## YOUR TASK
What are the lines below, starting at the line containing "840 B Street, Ashland, OR 97520" and ending at the line containing "The Portland Guesthouse"? Write them out exactly, ends included, without pictures.

## RECORDED INFORMATION
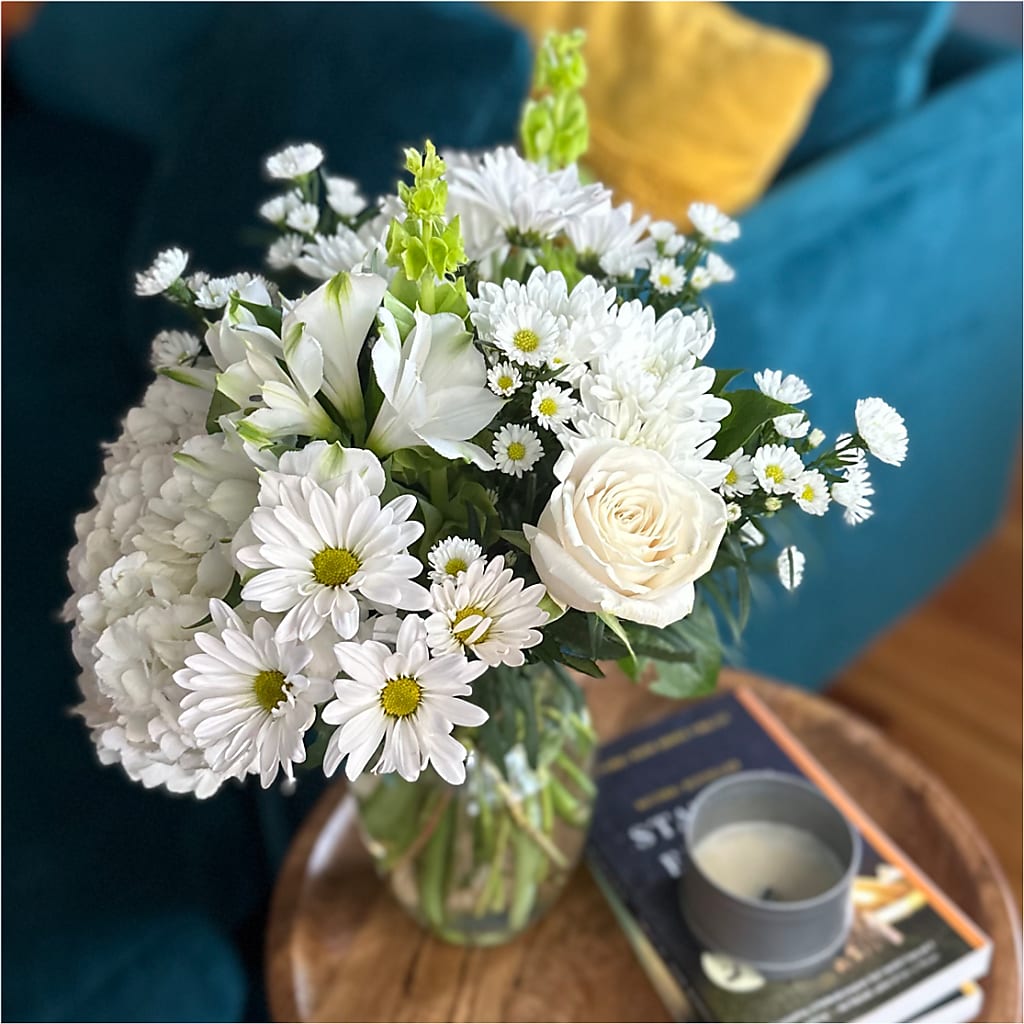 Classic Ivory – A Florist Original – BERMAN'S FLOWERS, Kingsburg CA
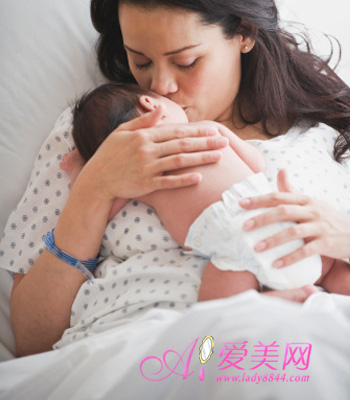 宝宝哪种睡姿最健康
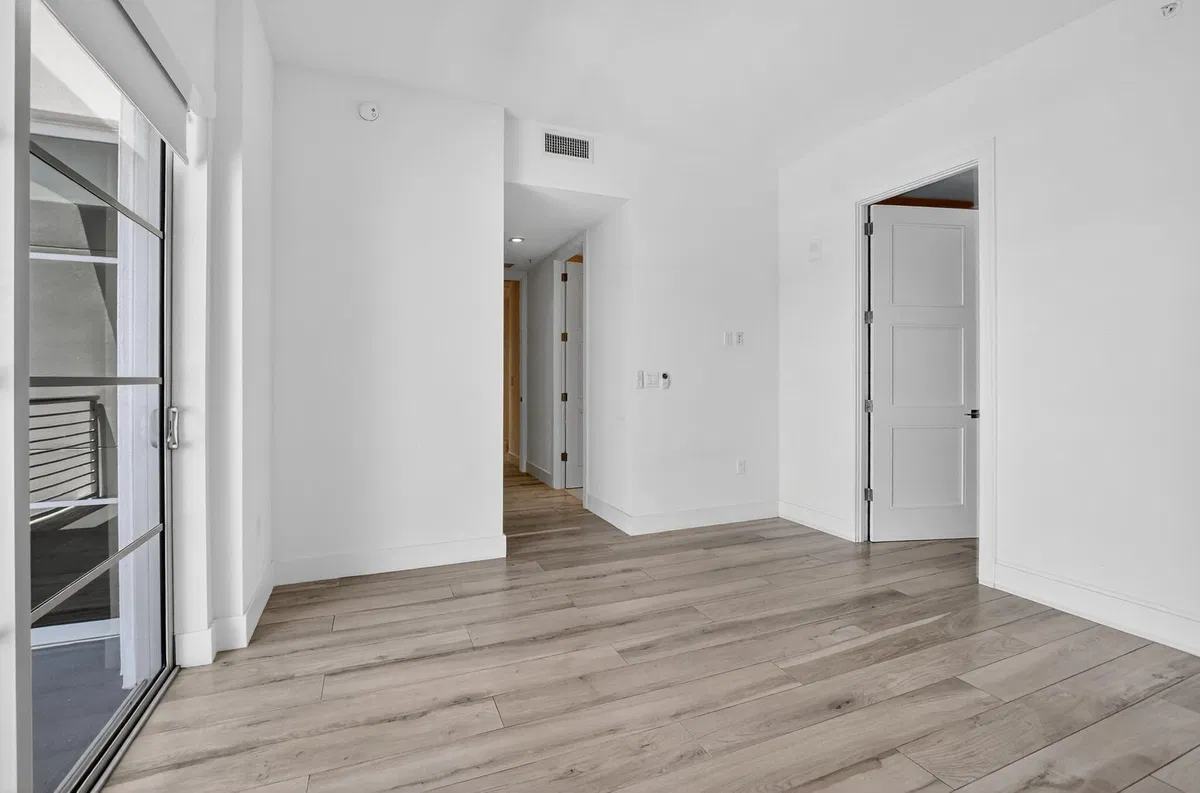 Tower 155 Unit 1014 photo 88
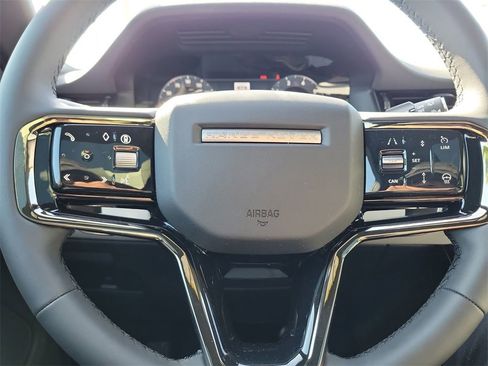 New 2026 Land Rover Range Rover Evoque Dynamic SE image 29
---
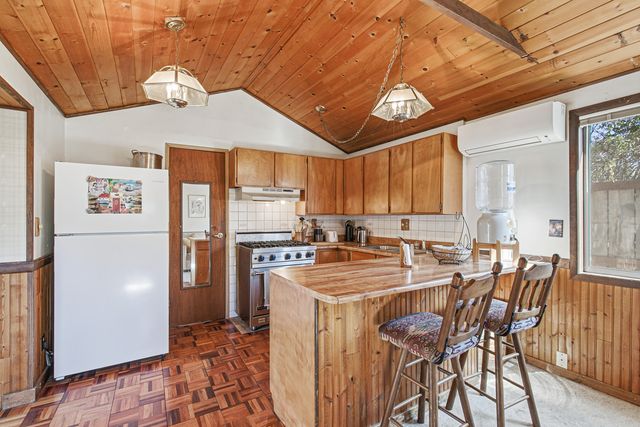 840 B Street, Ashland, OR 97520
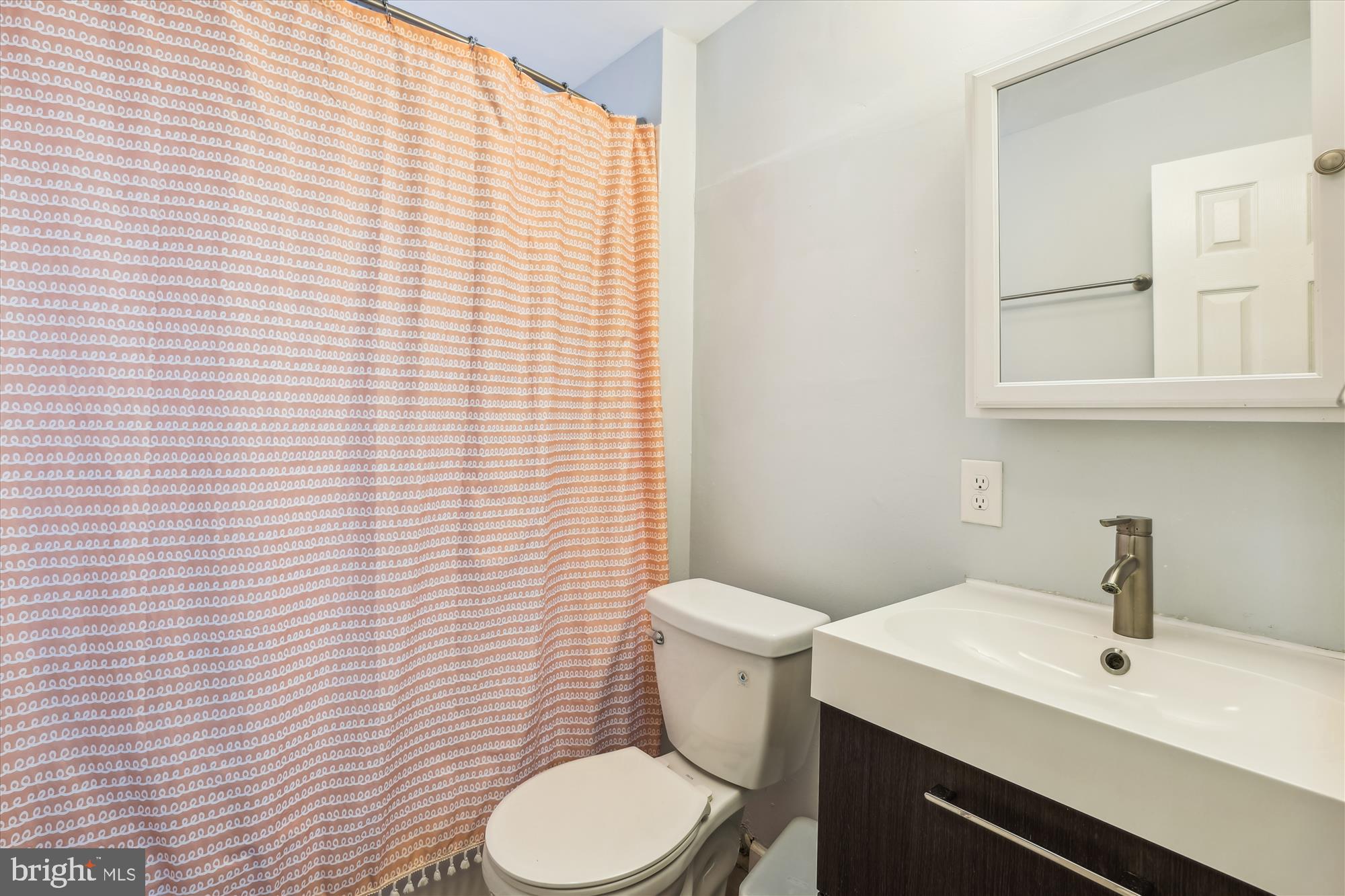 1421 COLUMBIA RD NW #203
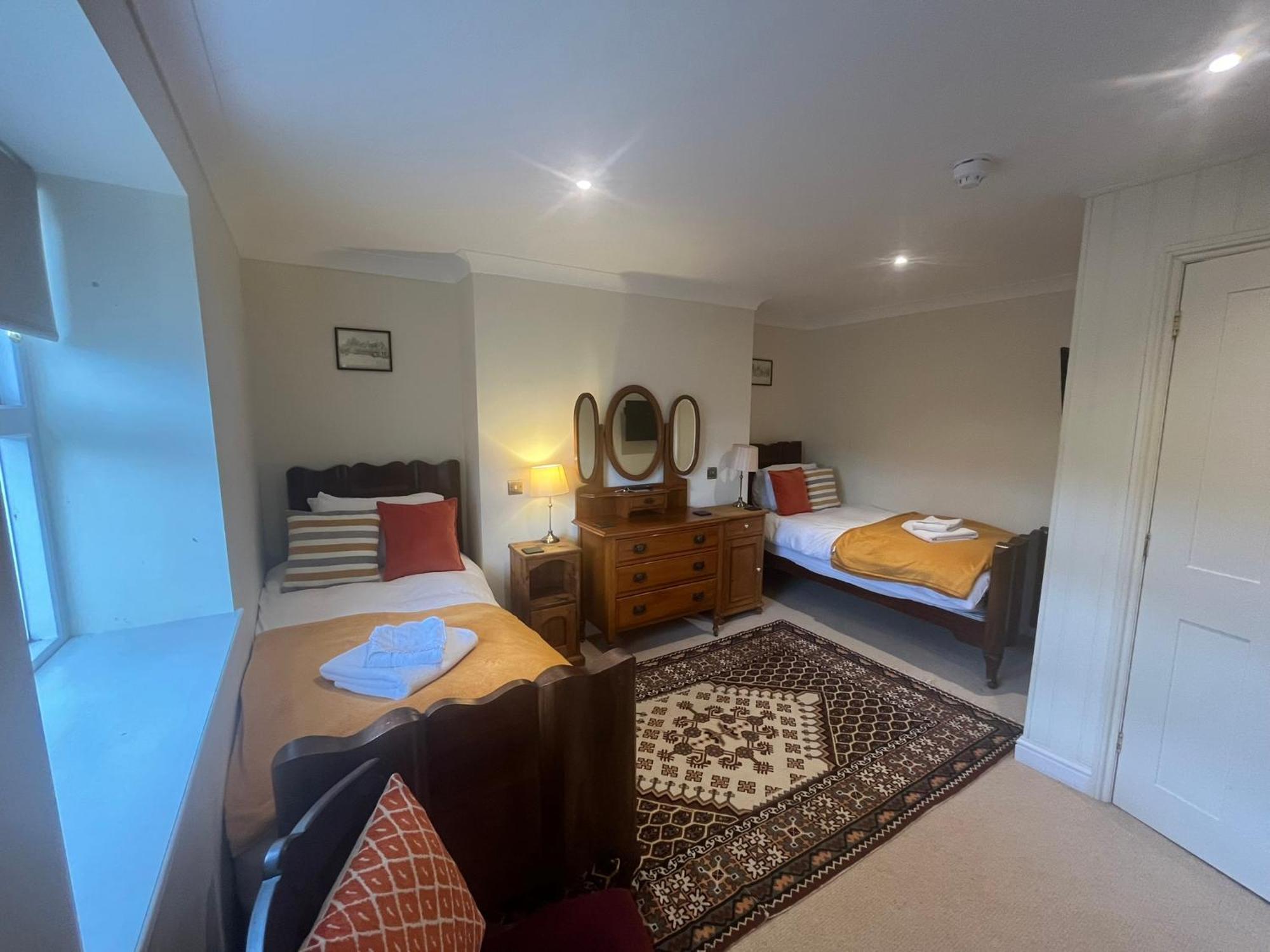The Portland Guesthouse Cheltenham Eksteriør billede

## SOLUTION TO THE PROBLEM
 840 B Street, Ashland, OR 97520
 1421 COLUMBIA RD NW #203
The Portland Guesthouse Cheltenham Eksteriør billede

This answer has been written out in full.